Not listing containers after restatring

root@cpu-5174:~# fuser -u /var/lib/lxd/unix.socket
/var/lib/lxd/unix.socket: 20744(root)

here is the output

Pardon my typing laziness, I am using voice on my phone to respond to this because I’m on my way to a client to explain to him why his server is not working. And I have four other servers with the same problem. And they all happen after reboot after an upgrade. Interestingly, I found two snap installations in the servers with a problem. Perhaps since the snap installation is standard with the new upgrade is bringing it in anyway.
This dual lxd installation may be the cause of the problem. But no one installed it, this was on servers that have been working for years.until the apt upgrade broke it.

root@cpu-5174:~# ps aux | grep 20744
root 20744 0.0 0.0 1142996 36788 pts/1 Sl 12:46 0:00 /root/go/bin/lxd --logfile /var/log/lxd/lxd.log

its running from the latest version lxd

one more issue
when I create a new container for a test
root@cpu-blabla:~# lxc launch images:verygames-debian-9 test
Creating test
Error: Failed container creation: No storage pool found. Please create a new storage pool

there is already a storage pool is existing

root@cpu-5174:~# zfs list default
default 171G 703G 19K none

I have a request here, and this request includes myself as a recipient.
@arunksasi has an issue with figuring out how to get back the containers.
Let’s focus on that.
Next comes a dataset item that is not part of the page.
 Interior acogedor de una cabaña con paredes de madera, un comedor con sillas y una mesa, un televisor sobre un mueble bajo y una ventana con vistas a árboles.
We can talk about Debian packaging in another thread, or after his case is resolved.

@arunksasi, the case is that you have LXD 3.8 (compiled from source) on Debian, and at some point recently you lost access to the containers. When you run lxc list, you get an empty list, as if this is a brand new installation of LXD.

When you run zfs list, you can see that the containers are showing up (their storage). This is good.

I wonder whether the containers are actually running. Can you run the following? It should show the host’s /sbin/init, and if there is a container that is running, there should be a few more /sbin/init.

ps aux | grep /sbin/init

Next, we want to figure out what does LXD know about the storage. Most likely, LXD forgot all about the storage, but we need to verify. The will show whether there is a storage, and what name it is. Let’s say it is lxd.

$ lxc storage list

Then, get some info on this storage driver,

lxc storage info lxd

After you perform these, we will know whether LXD has access to the ZFS storage pool, or whether the ZFS storage pool is orphaned. And if it is orphaned, we will try to figure out how to reconnect to LXD.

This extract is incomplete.